Marvel Zombies Return
In the limited series, Marvel Zombies Return, Gwen of 'Earth Z' is still a college student out with her friends Mary Jane and Harry Osborn. The zombified Spider-Man travels to this earth and, despite his best intentions, turns the Sinister Six. They then slay and partly consume Gwen and her friends. To stop the spread of the virus, Spider-Man obliterates the bodies.

Powerless
In the Powerless mini-series, Gwen Stacy again appears as the girlfriend of Peter Parker. Norman Osborn again kidnaps and attempts to kill her as a part of a plan to intimidate Peter. In a twist, the powerless Peter (with a limb crippled from a spider bite) manages to save Gwen from falling to her death.

Spider-Gwen

In the alternate reality designated Earth-65, Gwen Stacy is the one bitten by the radioactive spider, and becomes a superhero going by the name of Spider-Woman. She is also a member of a band fronted by Mary Jane Watson, simply called the Mary Janes. Shortly after Gwen begins fighting crime, Peter Parker, her best friend attempts to exact revenge on those who bullied him, becoming this universe's version of the Lizard. Gwen subdues him, but Peter dies towards the end of the battle due to the chemical he used. Spider-Woman is blamed for his death, causing an outcry for her arrest, led by J. Jonah Jameson. Her father, who is also a police chief in this world, begins a hunt for her. This follows Gwen into college, where she is still a member of the Mary Janes. At a gig of theirs, an assassin is sent after Gwen's father, who is in the audience. Gwen defeats the assassin, the audience and band clearing out during the battle. While they are alone, Captain Stacy holds Spider-Woman at gun point, with Gwen taking off her mask to reveal who she is. Shocked upon learning Spider-Woman's identity, he tells her to run before he changes his mind. In the distance, the Captain Britain from Earth-833, called Spider-UK, is watching, saying that Gwen will "do quite nicely".

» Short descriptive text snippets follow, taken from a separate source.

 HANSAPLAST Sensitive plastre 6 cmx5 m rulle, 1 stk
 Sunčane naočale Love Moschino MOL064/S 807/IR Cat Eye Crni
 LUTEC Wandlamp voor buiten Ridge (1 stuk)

Gwen is recruited by Spider-UK to team up with other Spider-Totems across the multiverse, and next appears on Earth-616 with Old Man Spider-Man of Earth-4 and Spider-Man of Earth-70105 (who in that reality is Bruce Banner) to rescue Kaine, who was under attack by the Inheritors. Marvel-616 Peter is hesitant to put Gwen in action and she is told by the others of how he failed to save her in his world. However he does recruit her for a mission and they both agree to look out for each other. Gwen is sent to recruit an alternate version of Peter Parker who is driven insane after he failed to save the Gwen Stacy in his dimension, killed the Green Goblin, and became the Hobgoblin. She tells him that he can become the man he once was if he joins them, but they are attacked by the Inheritors. Hobgoblin sacrifices himself to save Gwen.

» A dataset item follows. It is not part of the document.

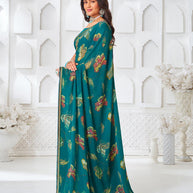 elegant party wear designer saree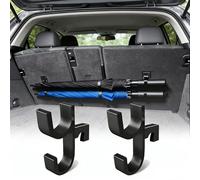 Alriedy 2PCS Car Umbrella Holder Hook, No Drill Installation Auto Trunk Umbrella Clip Hook, Space Saving Universal Car Boot Organizer for Golf Bag Stroller Wheelchair Truck SUV Boat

After the events of Spider-Verse, Gwen returns to her home of Earth-65 where she continues her career as Spider-Woman in her own solo series, Spider-Gwen. She first saves George Stacy from mercenary Aleksei Sytsevich who was sent by Wilson Fisk and his lawyer Matt Murdock to target him; Murdock is ultimately revealed to be the real Kingpin, with Fisk serving as his patsy. Then she begins a hunt for the Vulture who has been terrorizing the city in her absence.

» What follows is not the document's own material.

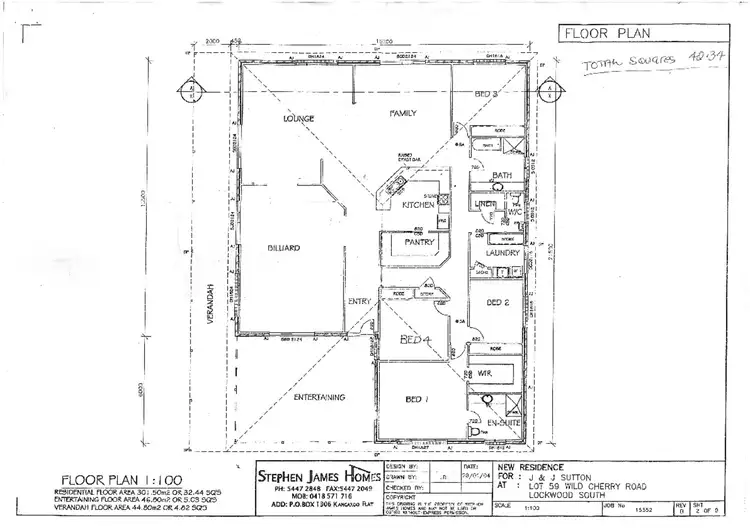 Floorplan of Homely house listing, 310 Wild Cherry Road, Lockwood South VIC 3551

She appears as one of the main characters in the Secret Wars Spider-Verse event with Spider-Ham, Spider-Girl, Spider-UK, Spider-Man Noir, and Spider-Man India in a Battleworld called Archania ruled by Norman Osborn. They eventually form a team called the Web Warriors where they help other Spider-Men and Women in various dimensions. A child version of her also appears in Giant Size Little Marvel Avengers vs X-Men as a new kid that Tony Stark tries to ask out on a date. She rejects him because he's a kid with a goatee and mustache. Another version of her is a member of Arcadia's's A-Force. On Earth-8, she is married to Miles Morales and they have two children with Spider Powers.

Spider-Punk
In an issue of Web Warriors, Spider-Punk mentions that the Gwen Stacy in his dimension was a musical icon.

Spider-Man: Fairy Tales
Issue #1 of Spider-Man: Fairy Tales follows the fairy tale of Little Red Riding Hood, reimagined with Mary Jane Watson as the titular character. Gwen Stacy has been previously killed by the wolf. Issue #4 is an adaption of Cinderella with Gwen as Princess Gwendolyn. She falls in love with the masked "Prince of Arachne" who is revealed to be Peter Parker, servant to Sir Osborn, but is killed during a fight between Osborn and Parker.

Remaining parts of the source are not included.